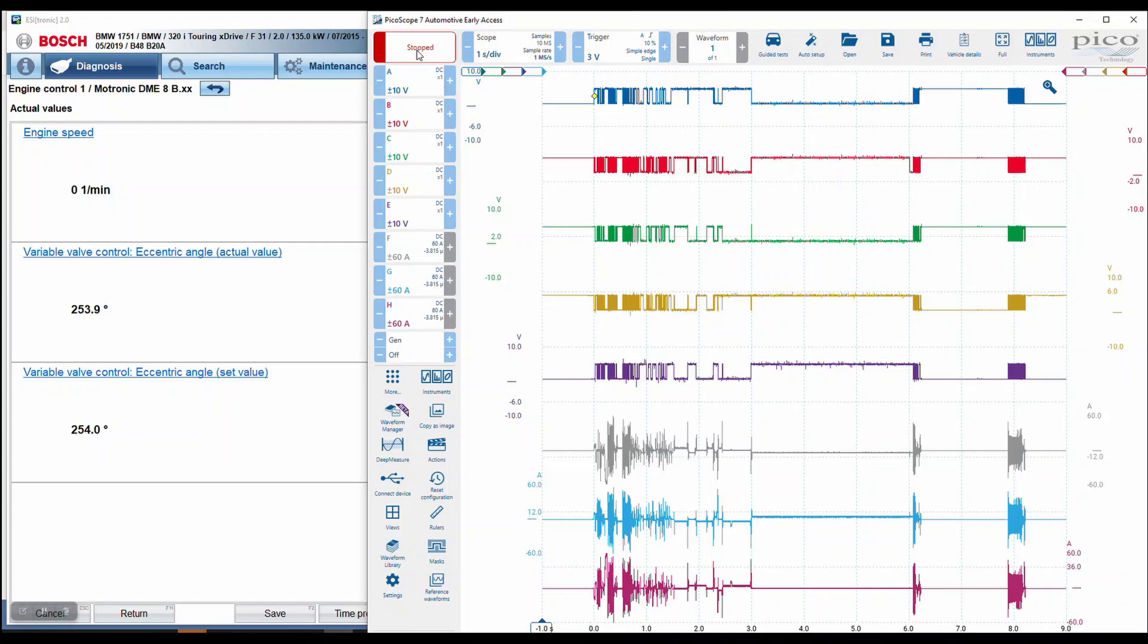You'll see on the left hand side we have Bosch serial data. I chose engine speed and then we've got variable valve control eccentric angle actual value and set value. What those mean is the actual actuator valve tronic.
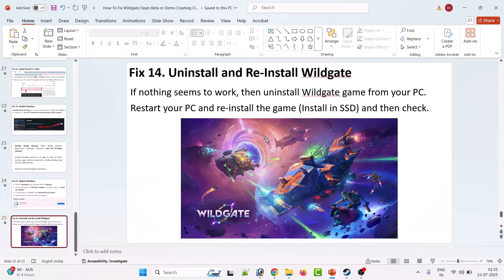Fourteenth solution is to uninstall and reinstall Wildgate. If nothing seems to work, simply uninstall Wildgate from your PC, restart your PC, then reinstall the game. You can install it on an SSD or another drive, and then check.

——————————

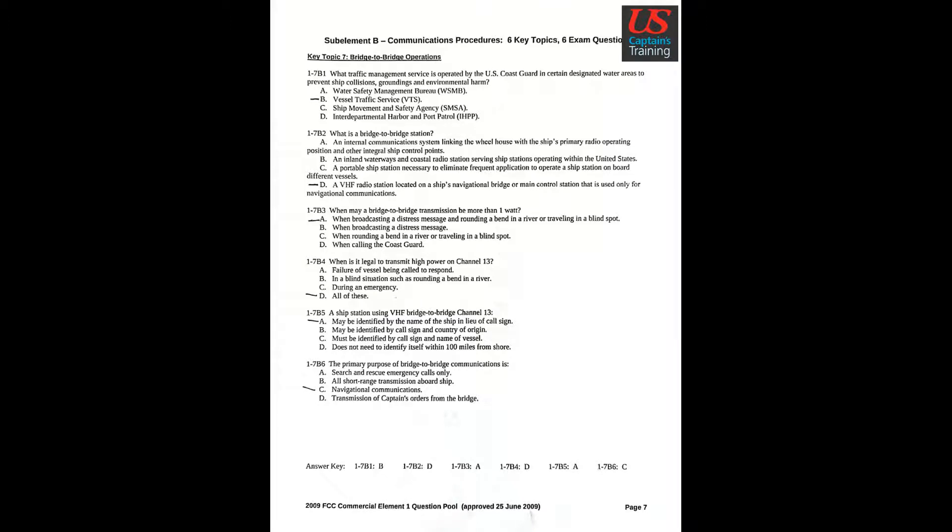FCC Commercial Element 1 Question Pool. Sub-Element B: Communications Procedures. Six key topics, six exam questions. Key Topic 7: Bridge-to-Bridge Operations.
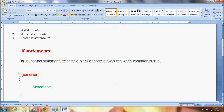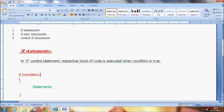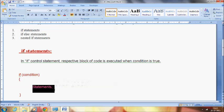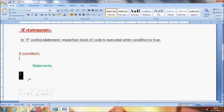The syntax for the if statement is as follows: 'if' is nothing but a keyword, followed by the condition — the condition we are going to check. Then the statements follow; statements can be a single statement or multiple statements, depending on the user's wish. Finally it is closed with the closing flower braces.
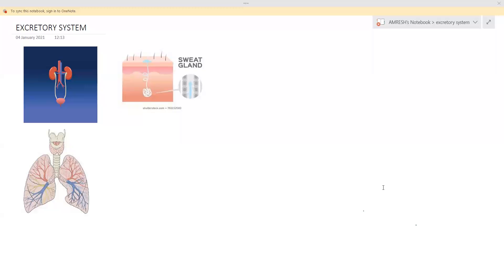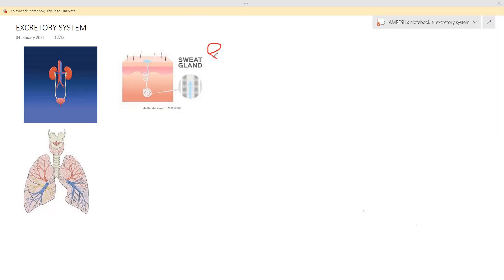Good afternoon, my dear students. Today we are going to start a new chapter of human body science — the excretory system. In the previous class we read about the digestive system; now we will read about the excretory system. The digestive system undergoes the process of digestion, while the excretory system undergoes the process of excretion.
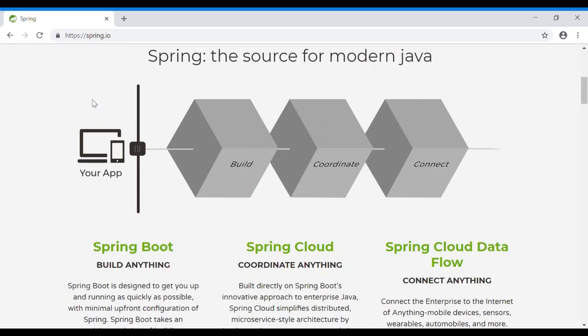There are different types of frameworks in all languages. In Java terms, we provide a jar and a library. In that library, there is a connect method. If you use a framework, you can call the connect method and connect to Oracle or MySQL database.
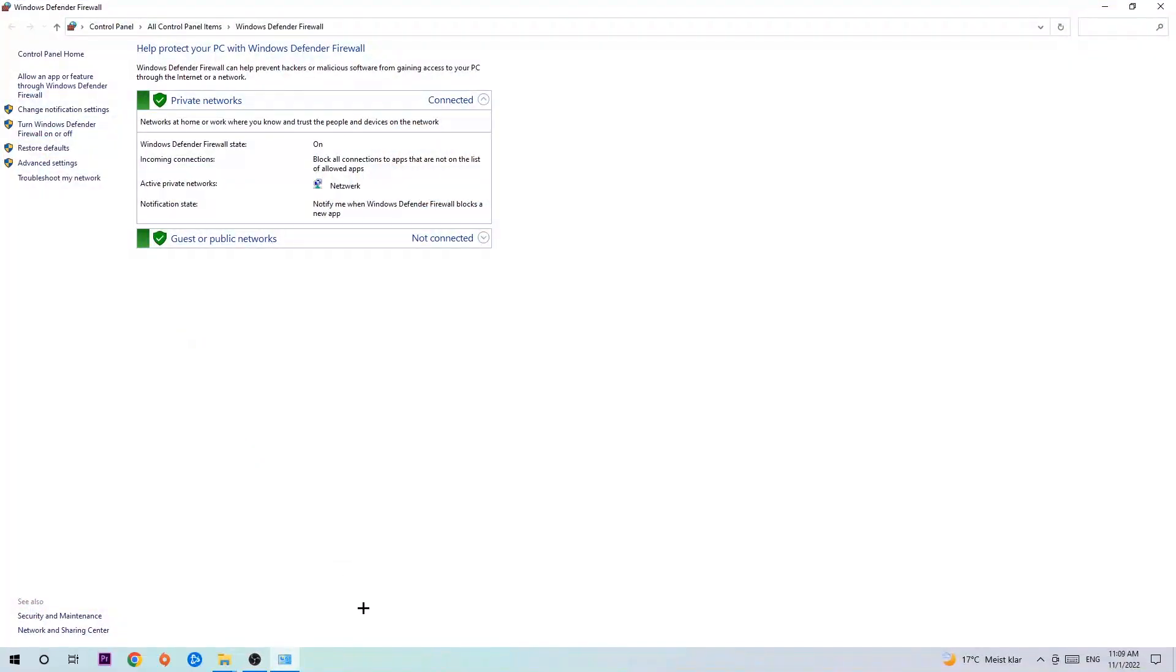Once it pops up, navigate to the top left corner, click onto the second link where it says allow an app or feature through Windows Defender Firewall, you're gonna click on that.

——————————

Work order
All pictures are to be skipped. Output, word for word, the lines in the data above starting at the line containing "You'll see on" and ending at the line containing "Fourteenth solution is".

Exercise solution
You'll see on the left hand side we have Bosch serial data. I chose engine speed and then we've got variable valve control eccentric angle actual value and set value. What those mean is the actual actuator valve tronic.
Fourteenth solution is to uninstall and reinstall Wildgate. If nothing seems to work, simply uninstall Wildgate from your PC, restart your PC, then reinstall the game. You can install it on an SSD or another drive, and then check.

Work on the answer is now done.